### DATASET EXTRACT
========================
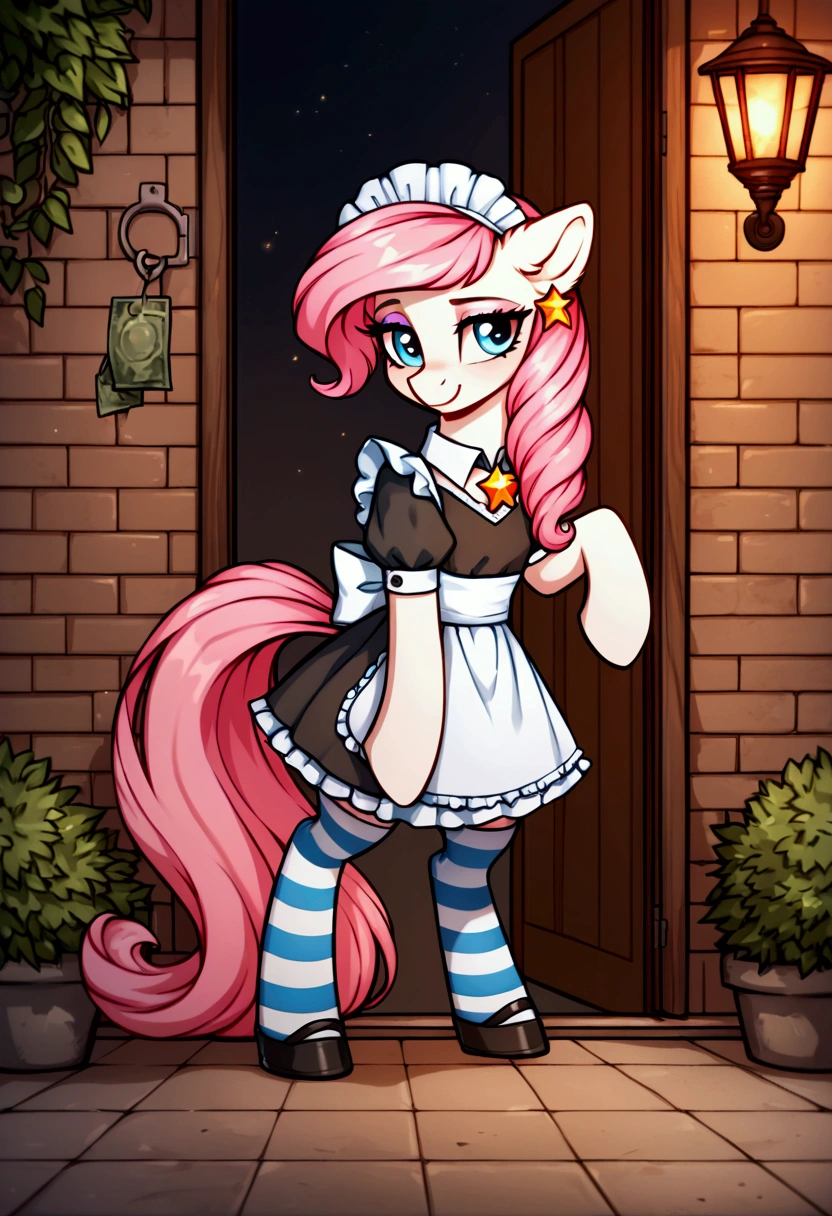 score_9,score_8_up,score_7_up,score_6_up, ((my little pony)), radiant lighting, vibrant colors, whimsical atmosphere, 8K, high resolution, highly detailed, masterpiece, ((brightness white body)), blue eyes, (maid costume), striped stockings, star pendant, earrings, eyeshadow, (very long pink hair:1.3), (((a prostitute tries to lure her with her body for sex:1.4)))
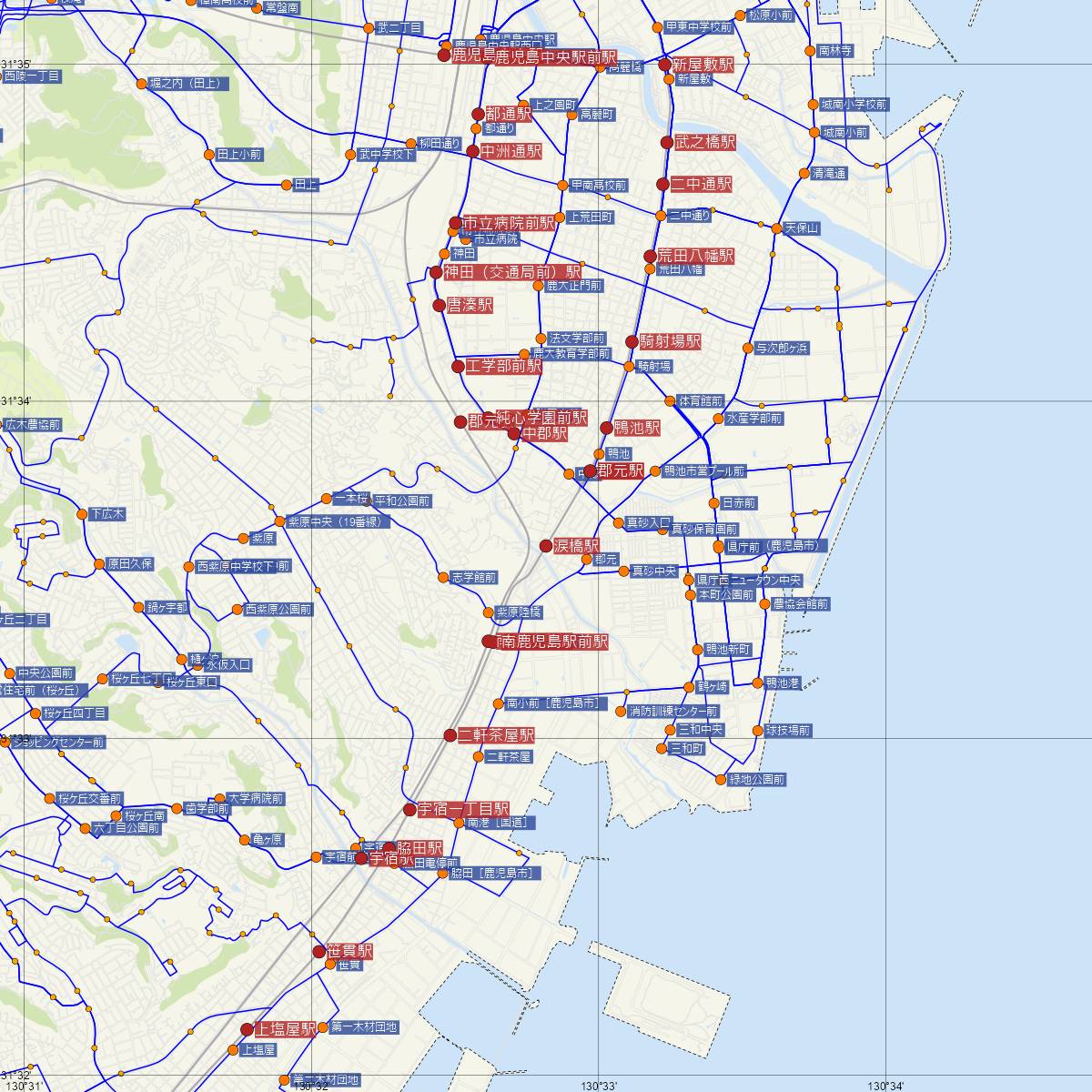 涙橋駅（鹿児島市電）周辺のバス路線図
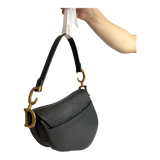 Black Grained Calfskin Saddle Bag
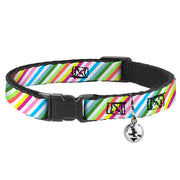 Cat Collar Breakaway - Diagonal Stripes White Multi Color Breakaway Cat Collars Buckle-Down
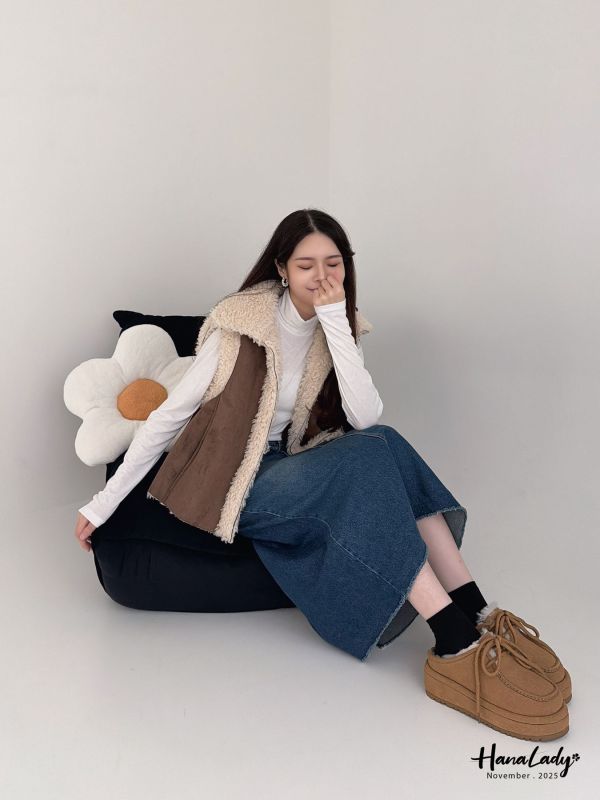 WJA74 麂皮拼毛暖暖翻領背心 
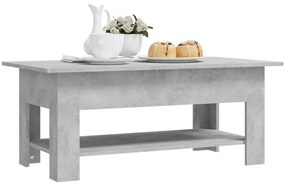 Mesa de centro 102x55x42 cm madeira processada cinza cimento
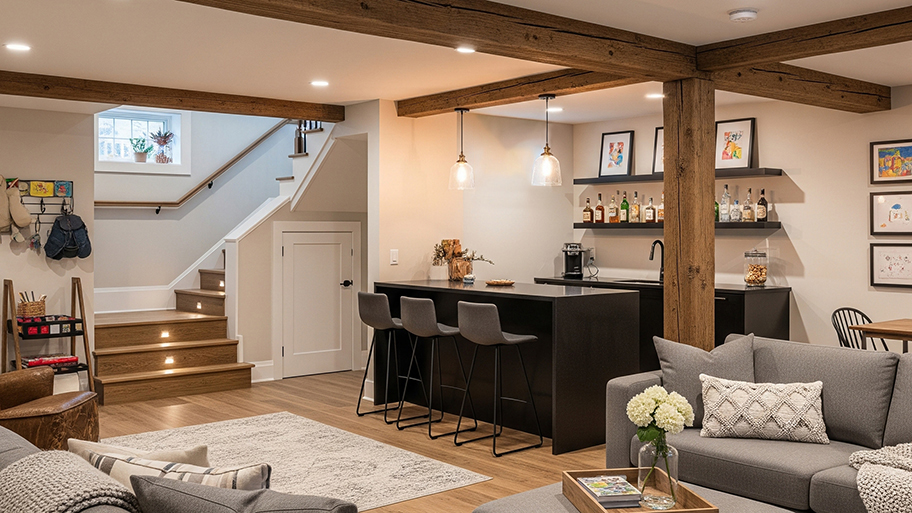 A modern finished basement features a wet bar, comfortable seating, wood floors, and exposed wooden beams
========================
Without the pictures, write out every line above exactly as it appears.

 score_9,score_8_up,score_7_up,score_6_up, ((my little pony)), radiant lighting, vibrant colors, whimsical atmosphere, 8K, high resolution, highly detailed, masterpiece, ((brightness white body)), blue eyes, (maid costume), striped stockings, star pendant, earrings, eyeshadow, (very long pink hair:1.3), (((a prostitute tries to lure her with her body for sex:1.4)))
 涙橋駅（鹿児島市電）周辺のバス路線図
 Black Grained Calfskin Saddle Bag
 Cat Collar Breakaway - Diagonal Stripes White Multi Color Breakaway Cat Collars Buckle-Down
 WJA74 麂皮拼毛暖暖翻領背心 
 Mesa de centro 102x55x42 cm madeira processada cinza cimento
 A modern finished basement features a wet bar, comfortable seating, wood floors, and exposed wooden beams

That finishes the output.